Bariera sorpcyjna pomiędzy Dzierżnem Dużym a Kanałem Gliwickim
Służby i wojewódzkie centra kryzysowe wciąż interweniują w związku z ujawnieniem śniętych ryb i dużego stężenia "złotej algi" w Kanale Gliwickim. We wtorek 6 sierpnia wojewoda śląski poinformował, że ustawiono barierę sorpcyjną, która ma zatrzymać przedostawanie się "złotej algi" do Kanału Gliwickiego, a następnie do Odry. Barierę postawiono pomiędzy Kanałem Gliwickim a jeziorem Dzierżno Duże, w którym analiza wykazała obecność 100 mln komórek "złotej algi" w litrze wody.
- Udało nam się ustawić barierę ze słomy jęczmiennej. To bariera, która ma zdolność absorpcji złotej algi. Bariery będą rozbudowywane również dziś - powiedział wojewoda Marek Wójcik podczas konferencji prasowej.
Wcześniej ograniczono już przepływ wody z Dzierżna Dużego do Kanału Gliwickiego, a w zarządzeniu wojewody zakazano korzystania z jeziora i czwartej sekcji Kanału Gliwickiego. Zakaz obowiązuje w dniach od 5 do 19 sierpnia. O zakazie informują rozstawione nad brzegiem tablice, a jego przestrzegania pilnują patrole policji.

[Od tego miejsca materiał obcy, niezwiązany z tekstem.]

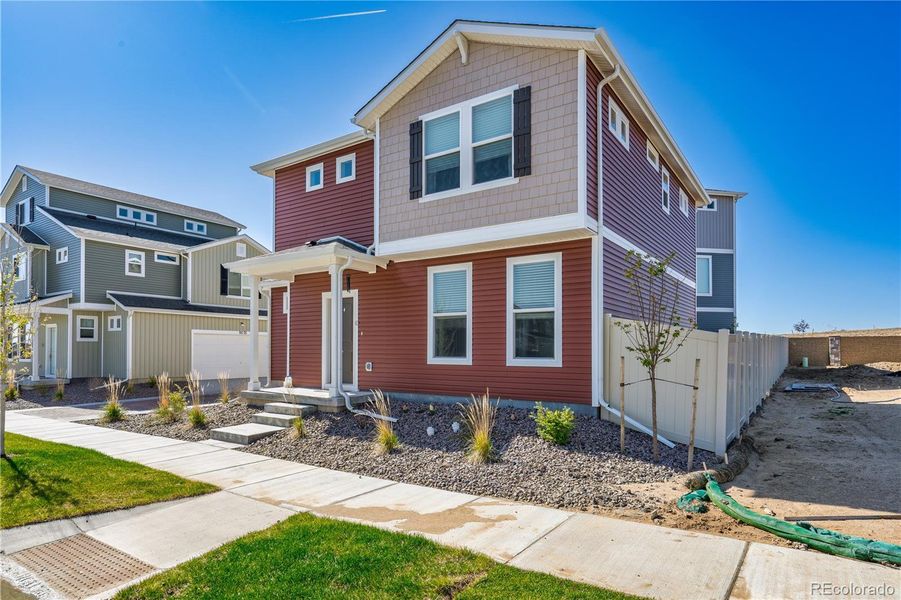 Front exterior of a new home in , Colorado Springs, CO, highlighting curb appeal (Image 2).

Jak wyjaśnił wojewoda śląski, pływanie różnego rodzaju jednostkami utrudniałoby wyławianie śniętych ryb, a dodatkowo mogłoby dojść do przeniesienia "złotej algi" do innych zbiorników.
Przypomnijmy, problemem "złotej algi" i śniętych ryb służby zajmują się od minionej soboty 3 sierpnia. Wczoraj informowano o wyłowieniu 3,5 t śniętych ryb, dziś jest to już 3,9 t. Śnięte ryby pojawiły się głównie w jeziorze Dzierżno Duże oraz w łączniku pomiędzy jeziorem a Kanałem Gliwickim i czwartej sekcji Kanału Gliwickiego.
Jak informowała wczoraj Agata Bucko-Serafin, szefowa Wojewódzkiego Inspektoratu Ochrony Środowiska w Katowicach, prowadzone są badani, które mają udowodnić czy do śnięcia ryb przyczyniła się toksyna ze "złotej algi". Na ten moment nie stwierdzono jednak, aby w wodzie wystąpiły inne zanieczyszczenia spowodowane przemysłem lub działaniem człowieka.